Re: an equation containg radicals
- To: mathgroup at smc.vnet.net
- Subject: [mg69665] Re: an equation containg radicals
- From: "Scout" <Scout at nodomain.com>
- Date: Wed, 20 Sep 2006 02:44:17 -0400 (EDT)

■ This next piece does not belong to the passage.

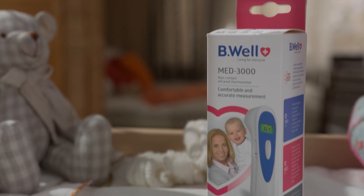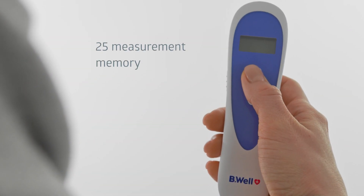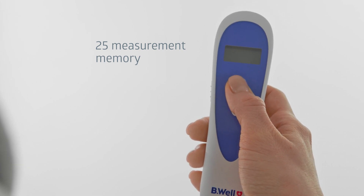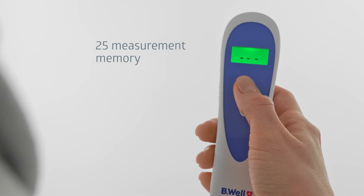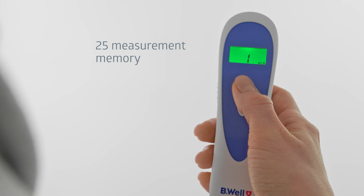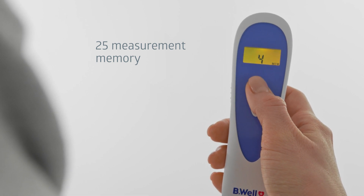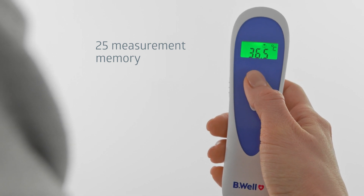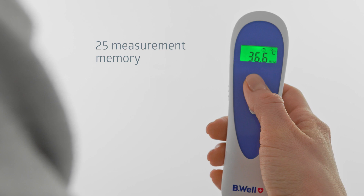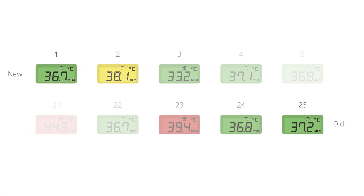The Be Well thermometer can be adjusted to your personal preference. Med 3000 has a memory for 25 measurements. To check memory readings, turn off the thermometer, then press and hold the on button for two seconds. The last result is displayed first. Each time you press the button, a result will be displayed in order of dates together with MEM and a number from 1 to 25. After each saving, the icon of a smiling face or little house on the display corresponds to either body mode or object mode. When the 25th memory cell is filled, the newest 26th measurement will be saved and the oldest will be automatically deleted.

- References: <eeofde$2mo$1@smc.vnet.net>
Solve[] gives generic solutions only. You might use Reduce[] In[1]:= k = 1-4*(1-v)*b^2*p^2*(1-Sqrt[e^2-p^2]/Sqrt[(1/b)^2-p^2]); In[2]:= sol = Reduce[k==0,p,Reals]; In[3]:= sol2 = LogicalExpand[sol]; In[4]:= consts = {e->10^-3, v->3/10, b->10^-5}; In[5]:= FindInstance[sol2/.consts,{p}] Out[5]= {} That means that your values of the parameters don't match any solution of the above equation k. Let's find just one solution, assigning a value for 'e' and solve for the other (v,b,p): In[6]:= inst = FindInstance[sol2/.{e->10^-3},{v,b,p}] Out[6]={{v->-81, b->-250*Sqrt[2/41], p->-1/1000}} In[7]:= Simplify[k==0 /.{e->10^-3} /. inst] Out[7]= {True} Regards, ~Scout~ > Hello to all. > > In a crack problem appeared the following function. > > K[p_] := 1 - 4*(1 - v)*λ^2*p^2*(1 - Sqrt[e^2 - p^2]/Sqrt[a^2 - p^2]) > a = 1/λ; > > Here are some typical values for the involving constants > > consts = {e -> 1/1000, v -> 3/10, λ -> 10^(-5)}; > > Here is the solution obtained with Solve > > sols = FullSimplify[Solve[eq = K[p] == 0, p]] > {{p -> (-Sqrt[2])*Sqrt[-(1/(λ^2*(-9 + 8*v + Sqrt[-15 + 16*v + > 64*e^2*(-1 + v)^2*λ^2])))]}, > {p -> Sqrt[2]*Sqrt[-(1/(λ^2*(-9 + 8*v + Sqrt[-15 + 16*v + 64*e^2*(-1 > + v)^2*λ^2])))]}, > {p -> (-Sqrt[2])*Sqrt[1/(λ^2*(9 - 8*v + Sqrt[-15 + 16*v + 64*e^2*(-1 > + v)^2*λ^2]))]}, > {p -> Sqrt[2]*Sqrt[1/(λ^2*(9 - 8*v + Sqrt[-15 + 16*v + 64*e^2*(-1 + > v)^2*λ^2]))]}} > > What I need now is to see which roots (or if all roots) are extreneous > (i.e. they do not satisfy the intial equation K[p]=0). > This is a difficult task for Mathematica. > > TimeConstrained[FullSimplify[eq /. sols], 300, "Failed"] > "Failed" > > However replacing the values for the constants it is verified that all > solutions (for this typical values of the constants) are extreneous. > > eq /. sols /. consts > {False, False, False, False} > > This can be verified also by the following command > > Solve[eq /. consts, p] > {} > > My question is if it a way to "help" a bit Mathematica in the above > verification with the symbolic parameters. > > Thanks in advance for any help. >